_About this task_
Word for word, write out all the entries below, omitting every picture.
[Opening Record set section]
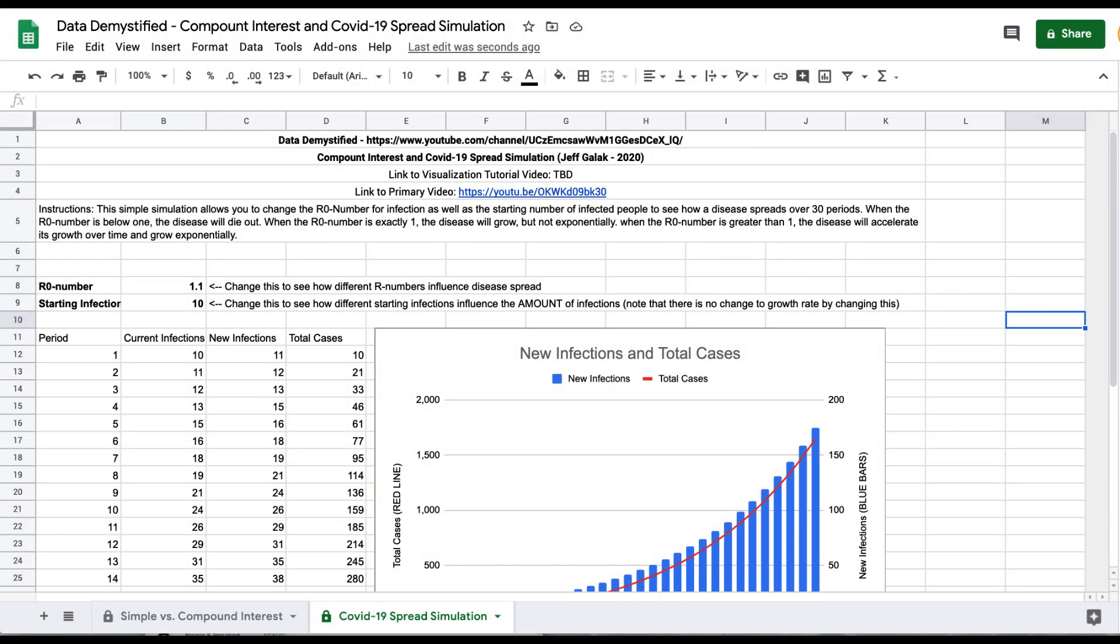Hi, I'm Jeff Gallick and this is Data Demystified. What I'll do today is walk you through this visualization of how COVID-19 or any infection can spread as a function of the R0 number or the reproduction number.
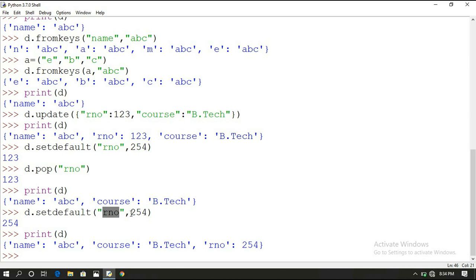If the key is available in the dictionary, the old value remains the same — setdefault doesn't change anything. So these are the different dictionary methods we've covered in today's session. Hope you understood this session. If you have any doubts about the dictionary concept, feel free to post in the comment section and don't forget to subscribe to our channel. Thanks for listening.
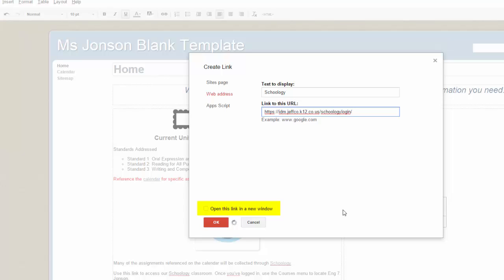If you leave this box unchecked, the page you have linked will open in the same window as your site, or essentially push users out of your website. If you want your site to stay open and the URL to open in a new tab, click the box.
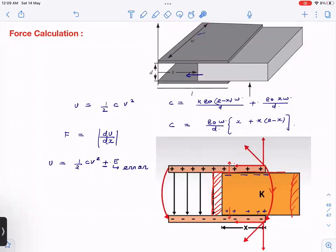Hello everyone. The objective of this video is to understand and clarify all the doubts which normally students have while calculating the force on a dielectric in a parallel plate capacitor. When a dielectric is partially inside the capacitor, the capacitor applies a force pulling it inward. First we'll understand the reason for that force, then we'll clear one more common confusion which most students have.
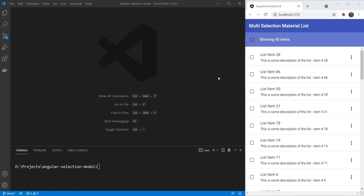In this video, we are going to convert an existing Angular material list into a multi-select list with the Angular CDK selection model. Selection model is a nice utility class included in the CDK package that allows us to quickly add selection functionality to our apps.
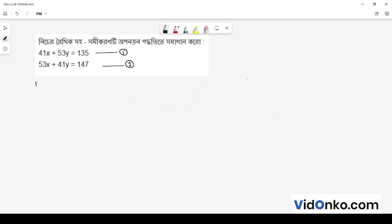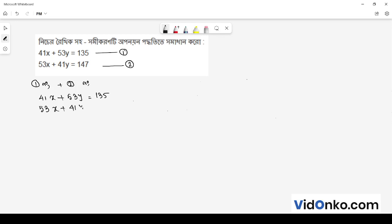Hello, students. First, we will show equation 1 and equation 2. Let's look at the numbers. 41x plus 53y is equal to 135, and 53x plus 41y is equal to 147.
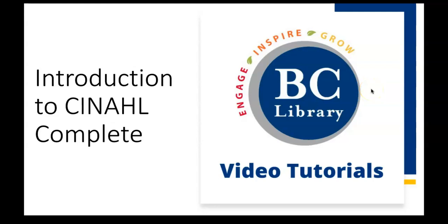Welcome to a video introduction to CINAHL Complete. CINAHL Complete is a great resource for students in all types of health science programs. We'll be covering the key tools you need to start finding material in this database.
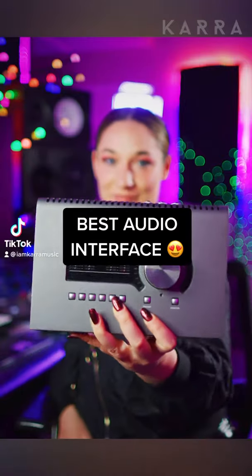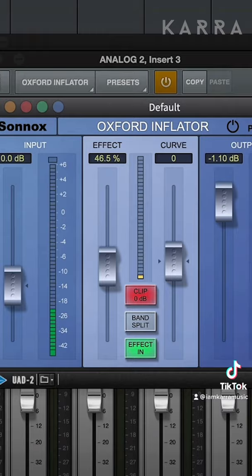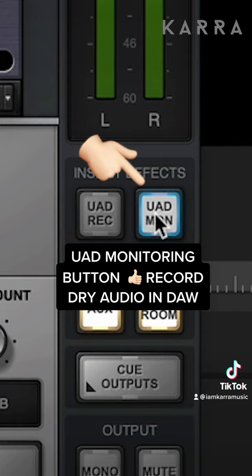The reason you see us and most industry professionals using the Apollo interface is because it allows you to record latency-free regardless of plugin count or buffer size. This is done through their app called Console. Load up your UAD vocal chain and Console while you record in your DAW for a perfect latency-free recording session.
[Closing Record set section]
_Answer to the problem_
Hi, I'm Jeff Gallick and this is Data Demystified. What I'll do today is walk you through this visualization of how COVID-19 or any infection can spread as a function of the R0 number or the reproduction number.
If the key is available in the dictionary, the old value remains the same — setdefault doesn't change anything. So these are the different dictionary methods we've covered in today's session. Hope you understood this session. If you have any doubts about the dictionary concept, feel free to post in the comment section and don't forget to subscribe to our channel. Thanks for listening.
If you leave this box unchecked, the page you have linked will open in the same window as your site, or essentially push users out of your website. If you want your site to stay open and the URL to open in a new tab, click the box.
Hello everyone. The objective of this video is to understand and clarify all the doubts which normally students have while calculating the force on a dielectric in a parallel plate capacitor. When a dielectric is partially inside the capacitor, the capacitor applies a force pulling it inward. First we'll understand the reason for that force, then we'll clear one more common confusion which most students have.
In this video, we are going to convert an existing Angular material list into a multi-select list with the Angular CDK selection model. Selection model is a nice utility class included in the CDK package that allows us to quickly add selection functionality to our apps.
Hello, students. First, we will show equation 1 and equation 2. Let's look at the numbers. 41x plus 53y is equal to 135, and 53x plus 41y is equal to 147.
Welcome to a video introduction to CINAHL Complete. CINAHL Complete is a great resource for students in all types of health science programs. We'll be covering the key tools you need to start finding material in this database.
The reason you see us and most industry professionals using the Apollo interface is because it allows you to record latency-free regardless of plugin count or buffer size. This is done through their app called Console. Load up your UAD vocal chain and Console while you record in your DAW for a perfect latency-free recording session.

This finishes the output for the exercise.